São necessárias alterações profundas na defesa das
toiradas à corda da ilha Terceira.

1 de Maio começa mais uma época da tourada à corda, mas a semelhança das anteriores vai começar aos trambolhões, isto porque na minha opinião deviam ter sido introduzidos novos pontos e alterados pontos do actual regulamento em defesa de um melhor espectáculo que ao que parece é único em todo Mundo e que se realiza todos os anos na ilha Terceira entre o dia 1 de Maio e 15 de Outubro.

Fui felizmente umas das pessoas que defendi há muito, muito tempo atrás a presença de uma ambulância neste evento, tinha Eu 12 anos de idade na altura reporto-me ao ano de 1984 quando fracturei um braço e o tempo de espera foi tanto que acabei por desesperar ir para casa sem direito a transporte., Mais tarde fui continuando a defender esta tese e hoje constato freguesias que realizam touradas com a presença do 115.

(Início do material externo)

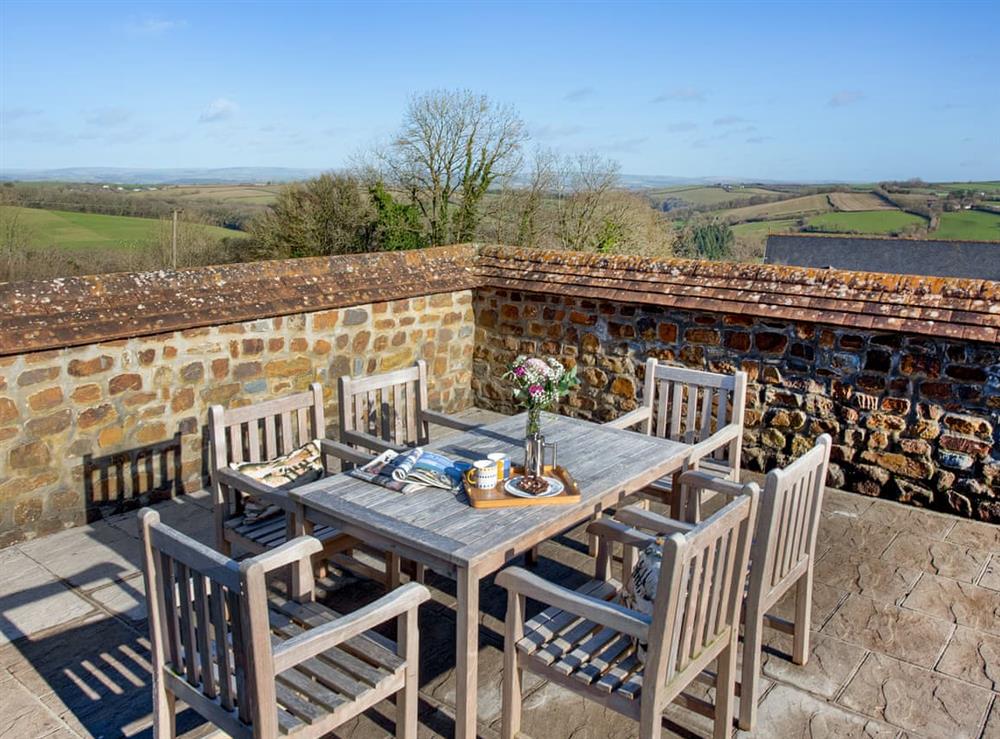 Outdoor eating area (photo 2) at Stable Cottage in Umberleigh, Devon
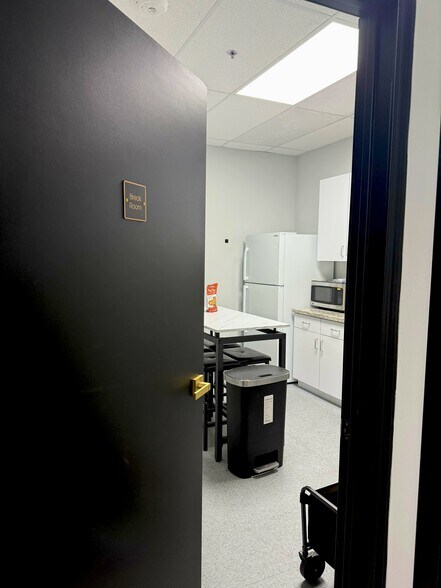 More Photos Of 24711 Katy Fwy, Katy General Retail For Sale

Mas muito mais há a fazer em prol da toirada à corda, em primeiro ela é incompatível com a de praça, como tal nunca e em circunstância alguma será possível toiradas à corda em simultâneo com touradas picadas ou touros de morte no mesmo local, quem tentar camuflar que as associações protectoras dos animais vão tentar tudo para que não se pratique touradas picadas e que vão deixar a toirada à corda esquecida engane-se, é obrigatório passar a mensagem que o toiro da ilha Terceira e sua tradição não possuem parecenças com touros picados que na maioria das vezes apenas tem um único V e onde os maus tratos são bem visíveis em seus eventos, o toiro da ilha Lilás POSSUI uma infinidade de V, vai, volta, vai, volta, vai e torna a voltar., Quero com isto dizer que este animal que em outros tempos longínquos nos defendeu e salvaguardou o Reinado Português dos soldados Espanhóis, não se fica apenas por uma actuação, há toiros que conseguem a proeza de mais de 70 cordas, o mesmo quero dizer que vão aos arraias das freguesias dar mais de 70 espectáculos numa vida que chega atingir em muitos casos 16 anos. Quantos artistas gostariam de conseguir tão brilhante proeza.

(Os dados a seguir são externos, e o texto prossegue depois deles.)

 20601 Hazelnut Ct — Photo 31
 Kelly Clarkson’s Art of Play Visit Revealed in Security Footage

Mais, algum policiamento é uma farsa quantos de nos assistimos a brigas e confusões e os policias de serviço assobiam para lado e fazem de conta que nada vêem, alguns fiscais não tem carácter para possuir tão enorme responsabilidade, já vi fiscais "caídos" de bêbados dando o sinal de fogo pró ar e toiro prà rua, quando os regulamentos claramente proíbem a saída do referido animal sem uma boa e segura tapada por certo que todos nós ou quase já vimos belos jardins "embelezados" de papelões de caixas de cerveja e escrito "cuidado com as setas" se quisermos preservar e segurar a nossa tradição temos que fazer por ela não basta desejar é necessário e imperioso querer mudar.
Muita, muita coisa.

Inadmissível e inaceitável que no novo regulamento revisto uns meses atrás não se tenha proibido a circulação de garrafas de vidro nos arrais, outro erro enorme é transportar nossa tradição para outros destinos e "internacionalizar" toiros à corda, pastores e capinhas, considero que é um erro enormíssimo vulgarizar a "nossa" querida toirada à corda.

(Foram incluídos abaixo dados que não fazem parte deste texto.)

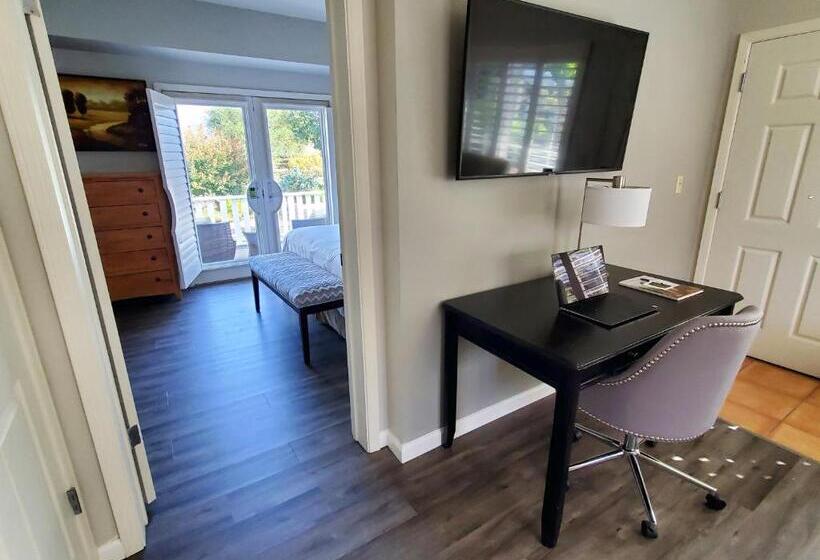 이그제큐티브 스위트, Geyserville Inn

Considero muito fundamental alterar-se o transporte dos animais bravos para os arraias, Eu também defendo já há muito tempo que as ditas "gaiolas" não devem acabar por uma questão de preservar o passado "alimentando-o" para o futuro, mas não é admissível nos tempos que correm continuar a transportar os referidos animais em caixotões do mato para as freguesias e vice-versa, sua utilização deve apenas servir para o embolar dos bravos toiros, as funcionalidades do transporte necessitam de ser ajustadas aos novos tempos a nova realidade.

Cada freguesia devia possuir curais idênticos ou melhores que os existentes no Porto Martins e o animal em vez de passar longas horas asfixiado em 4 paredes de madeira com reduzidas dimensões que em alguns casos já levou mesmo à morte, deviam ser colocados num habitar com total ventilação e oxigenação sem limites a condizer com melhores condições e dando assim garantias de pelo menos fazer pensar um pouco mais aqueles que perseguem a tauromaquia da toirada à corda.

Também se queremos ser exemplo de Humanismo, não é aceitável que podendo evitar o toiro colher uma pessoa, se deixe marar sabendo que sua colhida para além de umas boas gargalhadas pode deixar sequelas irreversíveis que em alguns casos verídicos nem o tempo consegui apagar.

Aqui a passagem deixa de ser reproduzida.